To test domain applicability, 53 kinase datasets that each have at least 500 active compounds were selected and each clustered into 10 series using the partitioning algorithm implemented in the Pipeline Pilot 8.0 (Accelrys) modeling collection with the Tanimoto distance function on ECFP4 fingerprints (the same as for the kinase models, see below); cluster centers were selected by maximum dissimilarity. For each kinase dataset 10 models were built, each using a different series as the (active) test set and the remaining 9 clusters combined as the (active) training set. Inactive test and training compounds were selected randomly for each model in the same ratio of active training to test compounds. This way 530 models were built. For each active test compound the Tanimoto similarity to the closest active training compound was calculated. ROC scores were computed for each model based on predictions of the test set to evaluate the performance of the models based on similarity of the test to the training set (details are provided in supporting table S6). In addition, for each active test set compound the predicted activity was recorded to evaluate true positive rate as a function of similarity to the closest training compound. In total 98,731 predictions were made across all 530 models.
To compare predicted kinase activity to the KINOMEScan profiling results we used the EstPGood output of the KA-PI classifiers, the estimated probability that the sample is in the active category based on an assumed normal distribution within the active and inactive categories.
Both k Nearest Neighbor (kNN) and Partial Least Square (PLS) regression was performed using the implementations of these machine learning procedures in the Pipeline Pilot modeling collection. PLS is a statistical method to build a (linear) model of the response variable as a function of (uncorrelated) linear combinations of the input descriptors (components); it is arguably one of the most traditional, yet widely used approaches to QSAR.29 In our PLS models, we restrict the number of components to 20. The kNN method is among the simplest in machine learning algorithms. In kNN regression, the response variable is computed as a weighted average of the value of the k nearest neighbors. Here we use 20 nearest neighbors and a dynamic smoothing factor (Gaussian weighting) of 0.5. For both PLS and kNN we performed a full 10-fold cross validation and computed R2 for the training data, q2 for cross validation, and RMSE for training and cross validation. We repeated the 10-fold full cross validation procedure 10 times with random split of the 10 sub-sets. The averaged results are reported in supporting table S2.

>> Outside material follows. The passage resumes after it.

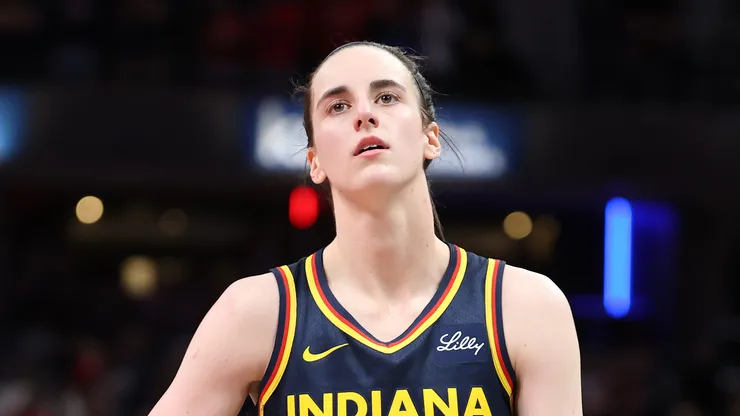 Caitlin Clark #22 of the Indiana Fever reacts after the 91-90 loss to the Atlanta Dream at Gainbridge Fieldhouse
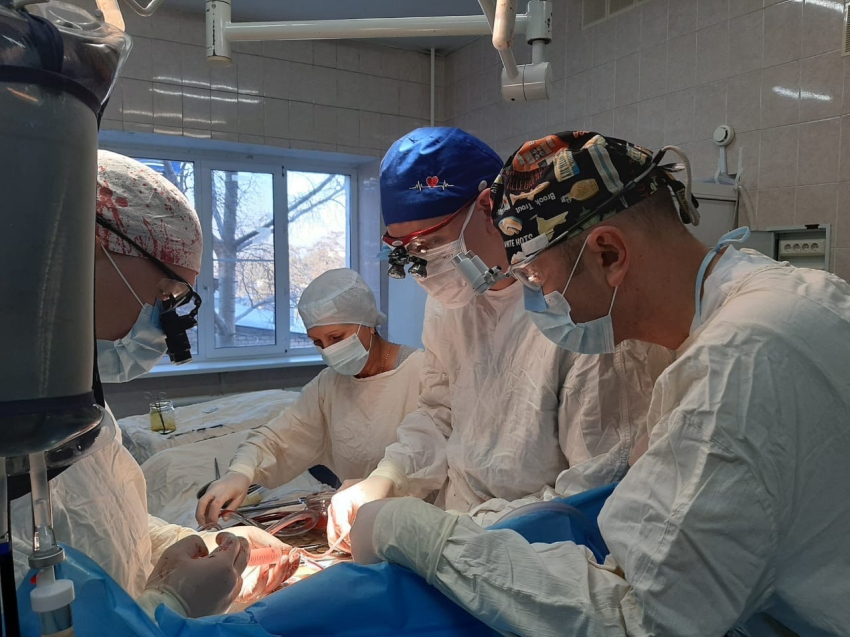 ​Забайкальские кардиохирурги провели сложную операцию и спасли жизнь молодой пациентки предпросмотр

Because of their strong performance in previous studies30-32 we employed extended connectivity fingerprints (ECFPs). Specifically we used atom type ECFPs of length 4 (ECFP4) implemented in Pipeline Pilot.33 ECFP are topological circular fingerprints characterizing each atom by its number of atomic connections, element type, charge and mass and its environment (in this case up to 4 neighbor atoms).

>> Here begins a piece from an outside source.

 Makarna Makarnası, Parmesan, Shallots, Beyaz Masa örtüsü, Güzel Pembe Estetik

We first built and evaluated Laplacien-modified Naïve Bayesian KA-KI classifiers. For this we selected all datasets from the pre-processed (aggregated) KKB with minimum of 10 active compounds where active is defined as p-transformed activity value of ≥ 6 (i.e. IC50 < 1μM). A total of 188 kinase datasets qualify; the minimum dataset size (actives plus inactives) was 26. The classifiers were cross-validated by a leave-one-out analysis and 10 repetitions of randomized 75/25 training/test split (see methods). For both cross-validation methods ROC scores and enrichment factors show that these KA-KI classifiers perform well for most of the datasets (supporting table S1). Good results are obtained for datasets with more than 40 active compounds (minimum 61 compounds total), which corresponds to 130 datasets with an ROC score (leave one out) of 0.7 or larger; that is with the exception of one dataset (MST1R) that has only two inactives and which therefore cannot be meaningfully evaluated and was excluded from further analysis (leaving 129 datasets). Raising the minimum number of actives to 70 further improves the results to ROC scores of 0.84 or greater (111 datasets with at least 113 total samples). ROC scores based on leave-one-out and 75/25 (train/test) cross validation procedures are well correlated for datasets with at least 40 actives (R2 = 0.73) and increases further for datasets with 70 actives or more (R2 = 0.77) as shown in figure S1 (supporting material). Correlation of the ROC score of the two cross validation procedures increases significantly for datasets with a ratio of total to active compounds of two or greater: for the datasets with at least 40 actives R2 is greater than 0.85 and for datasets with ≥70 actives R2 improves to ≥0.93; however this decreases the number of datasets to 57 and 47, respectively. In general the classifiers for the more balanced and larger datasets performed better.
For the 129 datasets with >40 actives, enrichment factors (EF) at 10% tested samples varied between ~1 and ~8 for both the leave-one-out and train/test cross validation procedures. The maximum enrichment factor (EF max) depends on the fraction of actives in the dataset. For all 129 datasets the actual enrichment factors reach the maximum possible enrichment indicating well-performing classifiers. However, EF is of limited usefulness to characterize classifiers based on balanced datasets. The nature of the datasets reflects what is typically reported in the literature emphasizing active compounds and reporting only few (often structurally related) inactive compounds. In contrast, high-throughput screening (HTS) results include mostly inactive / negative results. Therefore, in practice, the KA-KI classifiers – although highly predictive – may be of limited utility. Highly miniaturized HTS allows a throughput of several hundred thousand to millions of compounds. Consequently, in order to recover a sizable fraction of hits by screening only a few hundred to thousand compounds, 100- to 1000-fold enrichment or even greater would be desirable.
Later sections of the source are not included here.